Examine the graphs of measurements carefully. Each point represents a person. The point’s horizontal position on the graph (X axis) is based on a person’s foot length or stride length measurements, while the point’s position on the vertical axis (Y axis) is based on the person’s height measurement. Note that the points are not scattered in all parts of the graph like the stars in the night sky. Instead, the points cluster roughly along an invisible line that runs from the lower left to the upper right corners of the graph. You can use this clustering pattern as a way to identify and evaluate trends in these data which can then be used to predict the height of the Laetoli hominins that lived 3.7 million years ago.
Do you see a trend in these data that reveals a relationship between foot length and body height, and/or stride length and body height? Individuals with long strides and long feet are taller than those individuals with short feet and short strides, so points on the right-hand side of the graph also tend to be closer to the top of the graph.
Take a look at the straight line that is centered both vertically and horizontally within the cloud of data points. This trend line, called a regression line, permits you to estimate the average height for an individual based on a given foot length or stride length. You can do this by picking some value for X (or a value on the horizontal axis) and follow this value vertically (up) until it intersects with the regression line. Then, follow this point horizontally to the y-axis on the left where you can read the height value.
A relationship between two variables, such as X and Y, is called a correlation. We can summarize the correlation between two variables by calculating the correlation coefficient (r) which is the degree of covariance between the two variables. The correlation coefficient will always fall between -1 and 1. A negative correlation mean that as the value for X gets bigger, the value of Y tends to get smaller. A positive correlation means that as the value for X gets bigger, the value of Y tends to get bigger as well. The closer r is to 1 or -1, the more dependent the relationship between X and Y.
In the graphs below, the purple line represents increasing values, and the green line represents decreasing values. In the first graph, depicting a positive correlation, the value of Y increases as the value of X increases. The second graph depicts a negative correlation, where the green arrow indicates that values for Y decrease as the values for X increases.
Regression is related to correlation, but regression is a type of statistical analysis that lets you predict a value of Y based on the value of X. We can calculate several parameters about the regression line including the slope (m), and the coefficient of determination (R2).

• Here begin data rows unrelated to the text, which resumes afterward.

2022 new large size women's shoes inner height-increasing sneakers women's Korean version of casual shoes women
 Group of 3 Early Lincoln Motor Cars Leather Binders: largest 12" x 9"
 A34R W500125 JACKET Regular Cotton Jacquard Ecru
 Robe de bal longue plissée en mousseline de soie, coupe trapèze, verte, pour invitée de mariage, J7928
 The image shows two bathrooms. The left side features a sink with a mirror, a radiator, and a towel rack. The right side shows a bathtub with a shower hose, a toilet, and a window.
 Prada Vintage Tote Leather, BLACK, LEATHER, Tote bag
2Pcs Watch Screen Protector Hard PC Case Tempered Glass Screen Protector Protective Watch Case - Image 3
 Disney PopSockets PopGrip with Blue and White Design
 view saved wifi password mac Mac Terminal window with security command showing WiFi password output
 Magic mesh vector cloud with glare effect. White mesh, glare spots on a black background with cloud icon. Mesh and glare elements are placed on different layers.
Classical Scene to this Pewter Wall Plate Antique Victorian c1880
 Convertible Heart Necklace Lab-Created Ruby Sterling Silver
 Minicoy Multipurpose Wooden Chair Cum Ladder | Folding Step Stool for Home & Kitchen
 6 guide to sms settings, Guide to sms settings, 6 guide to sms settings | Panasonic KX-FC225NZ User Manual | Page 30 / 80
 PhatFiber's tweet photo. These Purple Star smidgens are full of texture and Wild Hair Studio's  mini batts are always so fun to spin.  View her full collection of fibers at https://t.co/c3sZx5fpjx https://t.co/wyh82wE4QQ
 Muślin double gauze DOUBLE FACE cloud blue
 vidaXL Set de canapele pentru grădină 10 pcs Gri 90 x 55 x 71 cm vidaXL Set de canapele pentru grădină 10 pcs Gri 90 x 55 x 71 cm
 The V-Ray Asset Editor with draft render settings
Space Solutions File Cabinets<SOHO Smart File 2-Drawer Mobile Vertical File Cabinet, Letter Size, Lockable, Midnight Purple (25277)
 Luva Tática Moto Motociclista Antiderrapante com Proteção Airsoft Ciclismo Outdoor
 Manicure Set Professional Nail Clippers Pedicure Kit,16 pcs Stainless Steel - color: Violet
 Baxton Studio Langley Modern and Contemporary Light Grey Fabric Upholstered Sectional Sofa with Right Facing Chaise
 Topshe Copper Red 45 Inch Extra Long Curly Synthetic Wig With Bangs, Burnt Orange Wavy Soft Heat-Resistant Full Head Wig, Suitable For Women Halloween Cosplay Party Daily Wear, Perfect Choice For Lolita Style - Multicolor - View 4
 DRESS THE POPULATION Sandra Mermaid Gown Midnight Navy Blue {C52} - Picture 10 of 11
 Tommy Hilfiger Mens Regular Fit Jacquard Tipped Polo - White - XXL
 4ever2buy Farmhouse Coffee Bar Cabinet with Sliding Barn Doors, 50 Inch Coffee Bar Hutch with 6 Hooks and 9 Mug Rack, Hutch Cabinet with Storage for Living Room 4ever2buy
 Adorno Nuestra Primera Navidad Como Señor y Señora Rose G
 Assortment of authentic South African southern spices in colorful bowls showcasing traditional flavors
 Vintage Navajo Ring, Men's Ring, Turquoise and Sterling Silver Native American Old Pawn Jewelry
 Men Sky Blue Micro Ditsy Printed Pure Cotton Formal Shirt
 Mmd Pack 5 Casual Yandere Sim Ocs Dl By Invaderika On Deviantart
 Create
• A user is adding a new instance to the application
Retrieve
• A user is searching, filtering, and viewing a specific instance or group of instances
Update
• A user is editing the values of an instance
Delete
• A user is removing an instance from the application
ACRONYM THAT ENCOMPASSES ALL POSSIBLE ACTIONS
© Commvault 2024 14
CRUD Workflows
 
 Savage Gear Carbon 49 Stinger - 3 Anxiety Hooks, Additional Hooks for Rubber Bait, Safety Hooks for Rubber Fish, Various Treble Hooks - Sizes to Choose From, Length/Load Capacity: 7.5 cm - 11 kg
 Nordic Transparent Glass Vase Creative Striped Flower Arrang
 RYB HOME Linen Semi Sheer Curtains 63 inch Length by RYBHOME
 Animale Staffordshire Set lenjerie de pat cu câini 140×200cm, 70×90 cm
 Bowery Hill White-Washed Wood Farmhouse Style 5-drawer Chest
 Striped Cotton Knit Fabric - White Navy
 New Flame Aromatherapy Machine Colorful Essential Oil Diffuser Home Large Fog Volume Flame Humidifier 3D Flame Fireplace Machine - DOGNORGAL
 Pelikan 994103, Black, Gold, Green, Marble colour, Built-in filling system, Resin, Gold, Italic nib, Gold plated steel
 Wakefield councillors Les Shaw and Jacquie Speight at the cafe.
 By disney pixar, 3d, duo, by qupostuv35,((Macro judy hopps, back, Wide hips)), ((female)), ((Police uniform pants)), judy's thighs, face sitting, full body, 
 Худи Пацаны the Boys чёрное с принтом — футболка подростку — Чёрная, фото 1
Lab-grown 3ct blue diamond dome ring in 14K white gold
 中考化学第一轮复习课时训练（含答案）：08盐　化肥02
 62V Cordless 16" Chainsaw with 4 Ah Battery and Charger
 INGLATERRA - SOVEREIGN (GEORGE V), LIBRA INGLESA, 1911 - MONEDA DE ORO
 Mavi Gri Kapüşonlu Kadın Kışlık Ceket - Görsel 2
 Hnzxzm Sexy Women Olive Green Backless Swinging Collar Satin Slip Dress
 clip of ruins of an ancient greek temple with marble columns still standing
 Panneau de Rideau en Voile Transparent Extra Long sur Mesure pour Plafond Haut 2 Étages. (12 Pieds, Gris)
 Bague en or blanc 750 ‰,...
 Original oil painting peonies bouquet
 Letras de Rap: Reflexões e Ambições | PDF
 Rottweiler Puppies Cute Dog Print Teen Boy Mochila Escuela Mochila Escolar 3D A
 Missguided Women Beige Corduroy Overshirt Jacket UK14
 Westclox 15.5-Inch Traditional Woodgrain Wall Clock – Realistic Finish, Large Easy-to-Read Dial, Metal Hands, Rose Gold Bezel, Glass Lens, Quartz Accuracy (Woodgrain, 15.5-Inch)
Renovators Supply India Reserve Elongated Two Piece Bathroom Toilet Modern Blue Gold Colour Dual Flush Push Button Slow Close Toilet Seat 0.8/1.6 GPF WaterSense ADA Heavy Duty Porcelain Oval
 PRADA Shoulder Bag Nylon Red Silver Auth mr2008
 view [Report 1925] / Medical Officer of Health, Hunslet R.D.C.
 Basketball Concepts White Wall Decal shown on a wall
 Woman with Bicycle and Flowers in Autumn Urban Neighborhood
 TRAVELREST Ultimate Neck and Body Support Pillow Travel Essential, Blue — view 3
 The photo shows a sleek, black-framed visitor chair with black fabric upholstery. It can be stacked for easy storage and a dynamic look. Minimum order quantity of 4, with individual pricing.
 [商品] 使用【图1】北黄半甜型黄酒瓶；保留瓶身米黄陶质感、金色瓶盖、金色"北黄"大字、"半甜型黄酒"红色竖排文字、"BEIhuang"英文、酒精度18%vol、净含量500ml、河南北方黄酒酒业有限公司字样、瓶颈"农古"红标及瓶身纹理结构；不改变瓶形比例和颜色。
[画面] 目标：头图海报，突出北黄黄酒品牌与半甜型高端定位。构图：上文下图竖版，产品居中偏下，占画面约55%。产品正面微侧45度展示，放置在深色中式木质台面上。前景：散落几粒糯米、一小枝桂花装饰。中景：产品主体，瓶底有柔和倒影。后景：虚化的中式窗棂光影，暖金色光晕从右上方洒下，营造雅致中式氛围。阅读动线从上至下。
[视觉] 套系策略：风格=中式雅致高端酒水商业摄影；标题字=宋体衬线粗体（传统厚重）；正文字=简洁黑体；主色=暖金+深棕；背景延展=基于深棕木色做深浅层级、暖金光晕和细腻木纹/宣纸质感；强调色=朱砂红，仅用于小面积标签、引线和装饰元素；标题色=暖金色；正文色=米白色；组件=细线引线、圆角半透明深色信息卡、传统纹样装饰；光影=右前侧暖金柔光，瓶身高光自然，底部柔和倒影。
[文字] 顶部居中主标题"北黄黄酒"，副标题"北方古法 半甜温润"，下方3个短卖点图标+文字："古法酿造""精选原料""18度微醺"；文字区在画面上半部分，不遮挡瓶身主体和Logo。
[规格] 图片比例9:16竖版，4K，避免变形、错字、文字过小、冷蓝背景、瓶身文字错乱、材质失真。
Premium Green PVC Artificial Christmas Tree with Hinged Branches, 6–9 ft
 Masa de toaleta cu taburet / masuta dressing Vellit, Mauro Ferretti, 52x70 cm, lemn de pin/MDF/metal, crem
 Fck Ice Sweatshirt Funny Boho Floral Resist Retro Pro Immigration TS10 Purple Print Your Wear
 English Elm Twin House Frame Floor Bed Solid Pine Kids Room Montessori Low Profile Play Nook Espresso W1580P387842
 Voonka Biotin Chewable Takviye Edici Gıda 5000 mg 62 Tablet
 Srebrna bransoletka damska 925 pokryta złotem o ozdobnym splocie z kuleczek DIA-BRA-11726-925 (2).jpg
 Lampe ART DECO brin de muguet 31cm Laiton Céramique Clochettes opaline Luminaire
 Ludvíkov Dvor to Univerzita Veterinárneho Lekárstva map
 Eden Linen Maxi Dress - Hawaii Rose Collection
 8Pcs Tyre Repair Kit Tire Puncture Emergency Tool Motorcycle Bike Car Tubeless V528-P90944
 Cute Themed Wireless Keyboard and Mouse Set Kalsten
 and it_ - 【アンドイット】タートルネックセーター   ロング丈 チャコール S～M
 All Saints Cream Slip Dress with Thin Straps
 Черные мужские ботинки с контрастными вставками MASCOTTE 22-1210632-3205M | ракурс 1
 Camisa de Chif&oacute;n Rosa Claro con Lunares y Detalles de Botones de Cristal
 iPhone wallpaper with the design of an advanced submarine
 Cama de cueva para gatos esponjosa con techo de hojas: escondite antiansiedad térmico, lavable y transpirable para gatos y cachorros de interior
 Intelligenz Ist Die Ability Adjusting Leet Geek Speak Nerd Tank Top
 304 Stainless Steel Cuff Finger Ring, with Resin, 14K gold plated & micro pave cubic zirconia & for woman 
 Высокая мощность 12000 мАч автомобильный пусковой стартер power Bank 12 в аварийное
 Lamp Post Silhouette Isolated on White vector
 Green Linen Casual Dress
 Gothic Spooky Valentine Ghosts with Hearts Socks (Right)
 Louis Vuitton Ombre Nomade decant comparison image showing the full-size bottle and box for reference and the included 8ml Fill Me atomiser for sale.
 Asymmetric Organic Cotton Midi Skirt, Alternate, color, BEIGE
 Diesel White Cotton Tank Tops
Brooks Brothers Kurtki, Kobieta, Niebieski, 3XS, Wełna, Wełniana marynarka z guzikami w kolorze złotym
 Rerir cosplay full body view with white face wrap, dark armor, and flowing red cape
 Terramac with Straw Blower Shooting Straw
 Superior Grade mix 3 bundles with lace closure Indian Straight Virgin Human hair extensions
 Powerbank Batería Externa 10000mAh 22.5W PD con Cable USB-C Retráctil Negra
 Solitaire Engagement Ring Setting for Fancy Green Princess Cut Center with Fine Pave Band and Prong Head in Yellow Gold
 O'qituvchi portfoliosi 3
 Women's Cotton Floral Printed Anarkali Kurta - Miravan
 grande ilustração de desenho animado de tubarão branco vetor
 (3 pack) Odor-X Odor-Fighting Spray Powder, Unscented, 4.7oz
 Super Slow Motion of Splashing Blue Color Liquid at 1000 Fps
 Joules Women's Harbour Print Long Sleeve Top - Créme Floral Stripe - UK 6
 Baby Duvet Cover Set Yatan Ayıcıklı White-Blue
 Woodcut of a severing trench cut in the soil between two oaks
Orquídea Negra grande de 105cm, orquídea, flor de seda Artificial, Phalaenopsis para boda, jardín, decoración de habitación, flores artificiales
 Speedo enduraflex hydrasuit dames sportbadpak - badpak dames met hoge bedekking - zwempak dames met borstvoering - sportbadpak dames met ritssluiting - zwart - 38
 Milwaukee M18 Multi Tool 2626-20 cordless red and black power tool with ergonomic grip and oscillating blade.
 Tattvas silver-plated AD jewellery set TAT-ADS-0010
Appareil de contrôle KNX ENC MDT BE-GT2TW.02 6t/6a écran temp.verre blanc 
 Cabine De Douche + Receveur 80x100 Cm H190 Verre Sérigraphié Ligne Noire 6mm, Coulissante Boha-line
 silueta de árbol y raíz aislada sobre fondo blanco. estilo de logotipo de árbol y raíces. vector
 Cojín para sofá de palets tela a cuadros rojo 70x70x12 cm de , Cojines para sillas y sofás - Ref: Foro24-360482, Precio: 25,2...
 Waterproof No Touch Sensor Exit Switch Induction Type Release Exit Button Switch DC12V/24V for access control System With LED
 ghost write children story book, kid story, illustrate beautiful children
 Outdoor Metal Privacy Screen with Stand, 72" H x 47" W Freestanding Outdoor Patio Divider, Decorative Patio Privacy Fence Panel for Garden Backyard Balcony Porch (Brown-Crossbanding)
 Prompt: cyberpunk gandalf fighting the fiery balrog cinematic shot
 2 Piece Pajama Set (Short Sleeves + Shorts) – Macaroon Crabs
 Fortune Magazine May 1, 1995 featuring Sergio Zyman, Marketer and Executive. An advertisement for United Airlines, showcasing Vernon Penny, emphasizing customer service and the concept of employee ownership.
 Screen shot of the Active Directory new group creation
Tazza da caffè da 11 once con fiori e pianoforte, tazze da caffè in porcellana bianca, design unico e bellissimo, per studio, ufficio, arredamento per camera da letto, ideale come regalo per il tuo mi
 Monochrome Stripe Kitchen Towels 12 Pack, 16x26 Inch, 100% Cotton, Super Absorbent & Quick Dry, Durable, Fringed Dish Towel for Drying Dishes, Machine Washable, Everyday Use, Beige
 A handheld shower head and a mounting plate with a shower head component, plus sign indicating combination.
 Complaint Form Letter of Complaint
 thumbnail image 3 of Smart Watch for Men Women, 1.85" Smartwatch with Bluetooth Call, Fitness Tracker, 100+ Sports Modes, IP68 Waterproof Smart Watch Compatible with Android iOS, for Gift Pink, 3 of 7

Examine the values for the trackways data shown in the graph below. The slope, or m, of the regresion line tells you how much change in X you can expect based on a given change in Y. R2 tells you how much of the variation in Y is attributable to variation in X. For instance, if your R2 = 0.9, you can say that 0.9 or 90% of the variation in Y is due to the variation in X. The rest of the variation, or “noise”, is accounted by other factors, such as measurement error, individual variation, etc.
To see an example of how a regression line is calculated, watch this regression line example video on the Khan Academy website.
In this lab, we have provided the correlation coefficient and the regression line for the relationship between foot length and stride length compared with body height. Remember, not all correlations represent a close relationship between variables. Returning to the Trackways graphs, you will see that the data plotted on one graph seem more tightly clustered around the regression line than the data plotted on the second graph. The more tightly clustered a dataset, the more dependent the variables are upon one another. Thus, we can hypothesize about which correlation, foot length and body height or stride length and body height, provides a more accurate prediction for body height based on how the data are clustered around the regression line.
To estimate the height of the Laetoli hominins, you will first plot the X value for the Laetoli hominins (either foot length or stride length). Next, use the regression line to determine the corresponding Y value (height) of the individuals who made the 3.7 Ma tracks at Laetoli. You can then determine the most likely height of the hominins by evaluating which correlation is the most likely to provide you with an accurate result: foot length and body height, or stride length and body height.